Kenneth Francis Hartley, 26, of Denville Road, Blackburn, pleaded not guilty to murder when he appeared at Preston Crown Court.
The court heard how 24-year-old Paul Rothwell was shot in the head and then the stomach as he lay on the kitchen floor of his home in Whitehead Street, Bank Top, last March.
He died from massive head injuries at Blackburn Royal Infirmary less than an hour after the shooting.
Prosecuting barrister David Steer, QC, told the jury: "Paul Rothwell was a heroin addict who injected heroin and in order to obtain his supply of the drug he taxed drug addicts in the Blackburn area.
"That is to say he bullied people into handing over money and drugs and as a result of that behaviour became disliked by a number of people.
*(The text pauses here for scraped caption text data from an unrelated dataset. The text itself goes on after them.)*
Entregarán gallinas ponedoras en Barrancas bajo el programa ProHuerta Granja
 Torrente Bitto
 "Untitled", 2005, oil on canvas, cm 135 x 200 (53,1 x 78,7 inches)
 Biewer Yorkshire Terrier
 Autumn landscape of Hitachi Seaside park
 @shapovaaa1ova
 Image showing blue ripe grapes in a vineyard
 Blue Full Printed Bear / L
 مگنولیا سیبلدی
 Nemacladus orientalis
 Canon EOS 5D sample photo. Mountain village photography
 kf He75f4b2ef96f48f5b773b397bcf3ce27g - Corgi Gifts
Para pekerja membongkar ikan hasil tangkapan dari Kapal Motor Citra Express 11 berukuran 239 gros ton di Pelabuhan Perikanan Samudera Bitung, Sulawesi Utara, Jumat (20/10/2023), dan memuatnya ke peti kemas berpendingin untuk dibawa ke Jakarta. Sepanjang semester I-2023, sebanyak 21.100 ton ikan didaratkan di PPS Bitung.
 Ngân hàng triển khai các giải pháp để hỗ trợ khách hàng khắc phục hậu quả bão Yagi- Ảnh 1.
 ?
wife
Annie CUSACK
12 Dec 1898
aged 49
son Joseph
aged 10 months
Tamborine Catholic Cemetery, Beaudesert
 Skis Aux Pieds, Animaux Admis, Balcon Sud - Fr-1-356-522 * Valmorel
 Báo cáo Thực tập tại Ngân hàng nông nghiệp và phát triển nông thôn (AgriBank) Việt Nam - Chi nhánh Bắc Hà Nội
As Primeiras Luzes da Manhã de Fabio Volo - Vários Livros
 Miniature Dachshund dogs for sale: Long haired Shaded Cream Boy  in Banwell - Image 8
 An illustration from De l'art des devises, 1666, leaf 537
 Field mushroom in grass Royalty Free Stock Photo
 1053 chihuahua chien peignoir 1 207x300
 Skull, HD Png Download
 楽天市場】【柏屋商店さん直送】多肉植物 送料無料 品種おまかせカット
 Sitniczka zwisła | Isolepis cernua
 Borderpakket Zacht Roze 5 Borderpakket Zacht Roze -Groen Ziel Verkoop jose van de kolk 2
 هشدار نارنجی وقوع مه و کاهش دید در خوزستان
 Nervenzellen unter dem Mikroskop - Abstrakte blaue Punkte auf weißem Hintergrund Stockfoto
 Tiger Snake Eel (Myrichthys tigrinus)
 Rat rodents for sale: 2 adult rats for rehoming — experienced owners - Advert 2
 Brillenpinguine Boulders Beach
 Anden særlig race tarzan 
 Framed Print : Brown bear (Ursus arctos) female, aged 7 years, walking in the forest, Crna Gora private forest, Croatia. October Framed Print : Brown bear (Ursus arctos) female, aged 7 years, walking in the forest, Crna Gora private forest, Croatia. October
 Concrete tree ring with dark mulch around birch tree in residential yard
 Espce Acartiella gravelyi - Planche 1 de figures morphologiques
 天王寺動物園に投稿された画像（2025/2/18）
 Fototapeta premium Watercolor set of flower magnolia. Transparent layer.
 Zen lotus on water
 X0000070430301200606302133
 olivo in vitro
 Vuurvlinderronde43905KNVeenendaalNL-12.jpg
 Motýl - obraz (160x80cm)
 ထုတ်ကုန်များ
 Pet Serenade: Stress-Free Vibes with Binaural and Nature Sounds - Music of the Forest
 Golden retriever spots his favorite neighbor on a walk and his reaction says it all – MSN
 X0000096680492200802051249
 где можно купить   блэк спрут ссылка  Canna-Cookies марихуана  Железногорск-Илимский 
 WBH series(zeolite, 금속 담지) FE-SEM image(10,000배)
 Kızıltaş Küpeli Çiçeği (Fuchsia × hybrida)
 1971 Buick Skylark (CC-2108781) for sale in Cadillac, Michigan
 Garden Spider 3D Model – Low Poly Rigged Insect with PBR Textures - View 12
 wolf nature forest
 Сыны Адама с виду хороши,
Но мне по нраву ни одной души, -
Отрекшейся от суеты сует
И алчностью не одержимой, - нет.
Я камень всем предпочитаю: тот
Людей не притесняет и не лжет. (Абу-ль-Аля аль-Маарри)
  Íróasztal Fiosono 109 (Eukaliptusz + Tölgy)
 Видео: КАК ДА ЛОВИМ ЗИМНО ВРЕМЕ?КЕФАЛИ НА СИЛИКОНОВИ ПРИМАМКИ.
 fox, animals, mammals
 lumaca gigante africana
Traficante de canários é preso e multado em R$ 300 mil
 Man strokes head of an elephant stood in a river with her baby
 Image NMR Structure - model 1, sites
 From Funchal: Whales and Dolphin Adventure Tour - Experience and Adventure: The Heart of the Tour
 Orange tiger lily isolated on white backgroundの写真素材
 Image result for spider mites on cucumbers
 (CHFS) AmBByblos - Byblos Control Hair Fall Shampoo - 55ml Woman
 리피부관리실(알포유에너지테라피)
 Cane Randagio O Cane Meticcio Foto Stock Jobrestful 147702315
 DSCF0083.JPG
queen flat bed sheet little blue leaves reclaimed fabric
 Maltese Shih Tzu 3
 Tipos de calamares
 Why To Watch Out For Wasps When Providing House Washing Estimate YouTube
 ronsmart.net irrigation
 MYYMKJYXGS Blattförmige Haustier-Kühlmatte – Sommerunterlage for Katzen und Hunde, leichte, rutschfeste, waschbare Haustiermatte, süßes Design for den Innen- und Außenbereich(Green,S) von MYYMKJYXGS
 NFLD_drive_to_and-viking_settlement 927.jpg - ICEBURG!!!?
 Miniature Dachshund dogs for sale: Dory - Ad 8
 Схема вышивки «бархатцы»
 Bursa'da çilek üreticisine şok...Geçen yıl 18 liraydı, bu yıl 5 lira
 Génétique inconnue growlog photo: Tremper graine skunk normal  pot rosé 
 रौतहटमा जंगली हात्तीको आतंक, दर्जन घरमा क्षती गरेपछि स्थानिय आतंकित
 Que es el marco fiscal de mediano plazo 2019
On at least one occasion he was badly beaten." Rothwell took in five lodgers to help pay his rent after splitting with his long-term partner and the mother of his child. The lodgers were all heroin addicts and three were prostitutes.
Mr Steer said Sharon Gray, another drug addict and prostitute who lived in neighbouring Addison Street, saw Kenneth Hartley minutes before the shooting.
She claimed she saw Hartley in the alley behind Rothwell's home carrying a sawn-off shotgun.
Paul Rothwell, who minutes earlier had completed a heroin deal, was smoking crack cocaine in his kitchen with lodger Leah Rodwell and a friend Lesley Liddiard.
The two women later told police there was a knock on the door and Kenneth Hartley walked into the kitchen with the gun. Mr Steer said: "The women saw the double barrels of the gun come round the door and into the kitchen.
"The defendant was standing at the door and was not wearing anything over his head or his face. The women heard a bang and saw smoke. The deceased had been shot in the head and fell to the floor.
"There was a second shot into the stomach of the deceased. Hartley then turned to the women and said 'You have seen nothing, right. You have seen nothing.' As he said this he waved the gun at them."
The women then ran to a neighbouring house and raised the alarm. Before the police arrived Lesley Liddiard tried to clean the blood from her sweatshirt and trainers.
Both women were interviewed by the police but were too afraid to tell them who had shot Paul Rothwell.
Mr Steer said the next day Kenneth Hartley and another man met Lesley Liddiard in Blackburn Shopping Centre and tried to talk her out of giving evidence. The meeting was captured on the centre's security cameras.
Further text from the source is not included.